Tel un grand couturier, l’artiste donne en quelques traits ses intentions et ses idées, que se chargent ensuite de réaliser ses équipes. Le parallèle avec les maisons de Haute Couture est encore plus frappant dans l’espace suivant où les « petites mains » s’activent. La salle immense dans laquelle trône au centre une immense « tentacule » faite d’étoffes, de broderies et de perles, est subdivisée en plusieurs « ateliers ». Là, règne le textile, marque de fabrique de l’artiste, on trouve tous les savoirs faires de l’artisanat portugais et les mains expertes des brodeuses, couturières, tricoteuses de crochets sont à l’ouvrage.
Chaque matériau, tissu, perle et autres éléments de décoration est rangé par couleur, matière ou taille. Il règne une atmosphère contradictoire entre un certain bazar et une classification méthodique, le rayonnement intense des couleurs qui donne à l’espace une humeur joyeuse et le silence de l’atmosphère de travail quasi « monacale » qui règne dans l’atelier…
L’atmosphère de cette studieuse et étonnante « manufacture », impose l’admiration et le respect. En silence on en prend plein les yeux !
Malgré le sentiment parfois troublant de l’aspect « usine » du lieu, on ressort inévitablement séduit par l’exubérance de cette artiste conquérante et inspirée, véritable conteuse d’une histoire de l’art haute en couleur !
Je tiens tout spécialement à remercier Le Spot et Aviva Obst pour cette visite exceptionnelle.
BIOGRAPHIE de JOANA VASCONCELOS :
Joana Vasconcelos est née à Paris en 1971. Elle vit et travaille à Lisbonne.
La nature du processus créatif de Joana Vasconcelos repose sur l’appropriation, la décontextualisation et la subversion d’objets préexistants et de réalités du quotidien. En partant d’ingénieuses opérations de déplacement, réminiscence du ready-made et des grammaires nouveau réaliste et pop, l’artiste nous offre une vision complice, mais en même temps critique, de la société contemporaine et des divers aspects qui servent les énoncés de l’identité collective, en particulier ceux qui renvoient au statut de la femme, aux différences de classe ou encore à l’identité nationale. De cette stratégie naît un discours attentif aux idiosyncrasies contemporaines, où les dichotomies habituelles artisanal/industriel, privé/public, tradition/modernité et culture populaire/culture érudite apparaissent investies d’affinités aptes à rénover les habituels flux de signification caractéristiques de la contemporanéité.

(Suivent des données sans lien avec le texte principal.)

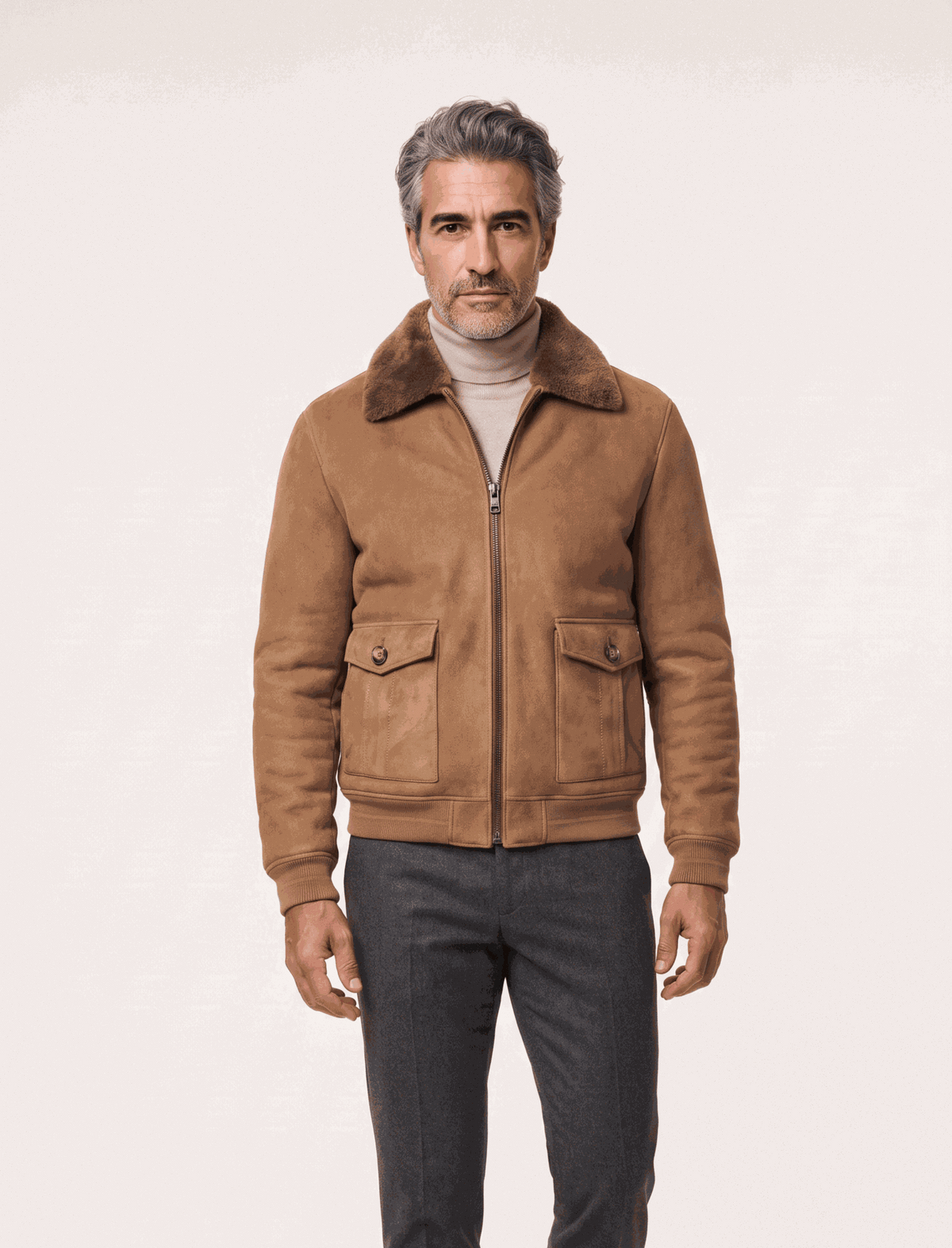Men's camel shearling suede bomber jacket with full zipper and flap pockets on a mannequin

Elle a reçu de nombreux prix dont en 2006, le prix The Winner Takes It All, de la Fondation Berardo, destiné à la création de son oeuvre « Néctar », actuellement installée au Musée Collection Berardo, Lisbonne .
Dans le travail de l’artiste, une importance particulière est accordée aux interventions site-specific dans le domaine de l’art public.
Joana Vasconcelos expose régulièrement au Portugal et à l’étranger, depuis 1994. Elle a notamment représenté son pays le Portugal à la Biennale de Venise en 2013.
Ses oeuvres sont représentées dans plusieurs collections publiques et privées au Portugal et à l’étranger.
Son travail est représenté par la Galerie Haunch of Venison, Londres/New York (www.haunchofvenison.com); la Galería Horrach Moyà, Palma de Majorque (www.horrachmoya.com) et Casa Triângulo, São Paulo (www.casatriangulo.com).